¡Morena se devora por dentro! Militantes furiosos abuchean, empujan y retienen a su propio dirigente en Veracruz
Morena se divide en Veracruz: militantes increpan al dirigente estatal Esteban Ramírez Zepeta en Tatahuicapan
Veracruz.- En Tatahuicapan de Juárez, un grupo de militantes de Morena increpó y retuvo entre gritos y empujones al dirigente estatal Esteban Ramírez Zepeta. Lo acusaron de permitir el regreso de perfiles que habían abandonado el movimiento, un reclamo que expone la fragilidad de un partido que vive de purgas y reingresos constantes. Ramírez Zepeta respondió con la frase de manual: “Podrán decir lo que quieran, pero jamás que soy corrupto y desleal”. El Comité Estatal de Morena Veracruz lo respaldó de inmediato y condenó la confrontación, pidiendo “diálogo”.

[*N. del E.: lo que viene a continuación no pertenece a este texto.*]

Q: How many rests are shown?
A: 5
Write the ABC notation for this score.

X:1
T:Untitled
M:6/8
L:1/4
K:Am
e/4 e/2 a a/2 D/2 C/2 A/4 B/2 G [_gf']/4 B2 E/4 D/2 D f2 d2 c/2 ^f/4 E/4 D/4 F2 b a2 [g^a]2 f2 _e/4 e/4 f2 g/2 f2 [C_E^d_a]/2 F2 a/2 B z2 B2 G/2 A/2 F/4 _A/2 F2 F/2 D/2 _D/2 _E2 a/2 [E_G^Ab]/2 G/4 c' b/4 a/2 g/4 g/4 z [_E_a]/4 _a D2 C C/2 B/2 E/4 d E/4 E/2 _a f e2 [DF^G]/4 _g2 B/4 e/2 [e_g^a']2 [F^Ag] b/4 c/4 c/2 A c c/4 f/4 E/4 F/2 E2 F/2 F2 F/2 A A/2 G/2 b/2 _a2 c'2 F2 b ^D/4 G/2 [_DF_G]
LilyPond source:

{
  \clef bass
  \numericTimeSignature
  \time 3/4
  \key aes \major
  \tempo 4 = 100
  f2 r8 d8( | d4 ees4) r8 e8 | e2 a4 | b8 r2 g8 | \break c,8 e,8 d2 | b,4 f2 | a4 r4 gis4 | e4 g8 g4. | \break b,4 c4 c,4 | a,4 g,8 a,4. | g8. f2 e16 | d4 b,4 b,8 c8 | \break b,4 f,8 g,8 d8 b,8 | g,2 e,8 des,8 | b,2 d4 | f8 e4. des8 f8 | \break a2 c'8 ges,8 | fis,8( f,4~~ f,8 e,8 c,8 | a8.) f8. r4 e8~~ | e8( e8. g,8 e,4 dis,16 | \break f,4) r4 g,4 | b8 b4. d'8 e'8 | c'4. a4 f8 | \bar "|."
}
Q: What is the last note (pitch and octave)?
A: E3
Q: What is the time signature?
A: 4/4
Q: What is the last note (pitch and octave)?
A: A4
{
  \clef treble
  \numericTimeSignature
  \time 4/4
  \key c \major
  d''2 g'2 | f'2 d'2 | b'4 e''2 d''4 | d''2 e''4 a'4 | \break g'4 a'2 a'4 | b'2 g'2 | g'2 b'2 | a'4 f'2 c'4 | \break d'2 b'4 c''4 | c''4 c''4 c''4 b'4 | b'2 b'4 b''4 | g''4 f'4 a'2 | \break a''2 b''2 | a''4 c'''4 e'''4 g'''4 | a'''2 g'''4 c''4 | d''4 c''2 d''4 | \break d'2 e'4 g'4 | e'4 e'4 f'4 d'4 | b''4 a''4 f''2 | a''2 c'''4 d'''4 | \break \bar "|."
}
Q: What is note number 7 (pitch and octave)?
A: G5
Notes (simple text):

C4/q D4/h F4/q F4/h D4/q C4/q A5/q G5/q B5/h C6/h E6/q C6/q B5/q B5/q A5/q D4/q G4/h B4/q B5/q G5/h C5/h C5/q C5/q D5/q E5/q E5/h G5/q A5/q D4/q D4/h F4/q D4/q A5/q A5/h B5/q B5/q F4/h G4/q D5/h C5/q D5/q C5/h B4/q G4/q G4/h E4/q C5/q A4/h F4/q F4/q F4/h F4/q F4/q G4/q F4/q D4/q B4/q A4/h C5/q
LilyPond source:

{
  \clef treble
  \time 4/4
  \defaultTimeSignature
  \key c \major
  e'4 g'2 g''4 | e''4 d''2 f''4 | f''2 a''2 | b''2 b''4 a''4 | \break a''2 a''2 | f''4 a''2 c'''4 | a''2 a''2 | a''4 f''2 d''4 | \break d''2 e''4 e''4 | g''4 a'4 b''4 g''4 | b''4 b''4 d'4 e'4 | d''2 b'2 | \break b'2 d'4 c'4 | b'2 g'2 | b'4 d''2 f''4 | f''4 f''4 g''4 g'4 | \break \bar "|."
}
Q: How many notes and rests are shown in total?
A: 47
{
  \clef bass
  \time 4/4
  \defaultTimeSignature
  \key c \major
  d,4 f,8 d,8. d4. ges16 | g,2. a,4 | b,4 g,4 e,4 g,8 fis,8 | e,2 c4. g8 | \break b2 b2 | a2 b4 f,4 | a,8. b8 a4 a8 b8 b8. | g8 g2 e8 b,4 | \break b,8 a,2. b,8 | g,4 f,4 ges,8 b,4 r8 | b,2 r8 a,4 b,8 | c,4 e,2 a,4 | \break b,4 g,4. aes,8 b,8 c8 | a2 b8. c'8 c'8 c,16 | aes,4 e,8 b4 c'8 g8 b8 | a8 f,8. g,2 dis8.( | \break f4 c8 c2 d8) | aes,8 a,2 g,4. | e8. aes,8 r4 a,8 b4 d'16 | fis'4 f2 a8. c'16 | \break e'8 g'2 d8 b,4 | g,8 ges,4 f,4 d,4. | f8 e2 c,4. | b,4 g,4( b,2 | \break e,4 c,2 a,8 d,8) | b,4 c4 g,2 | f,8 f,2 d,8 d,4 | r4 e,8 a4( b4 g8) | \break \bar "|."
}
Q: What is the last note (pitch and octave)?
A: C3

Este episodio no es un simple pleito local. Revela que Morena en Veracruz —y en general— es un cascarón vacío de principios, lleno de ex priistas, oportunistas y cuotas de poder que se pelean por los mismos huesos de siempre. Acusan de “traición” a quien abre la puerta a los que antes llamaban corruptos, mientras el propio dirigente se defiende con la misma retórica hueca que usaban los partidos que decían combatir. La “Cuarta Transformación” se reduce a esto: peleas internas por controlar el botín, sin renovación real ni coherencia ideológica.
Lo más descarnado es que ni siquiera entre los suyos creen ya en la pureza del movimiento. Si hasta los morenistas de base persiguen al dirigente por traer de vuelta a los “desleales”, queda claro que el partido es solo una maquinaria de poder donde la lealtad dura lo que convenga. El resto es pura propaganda.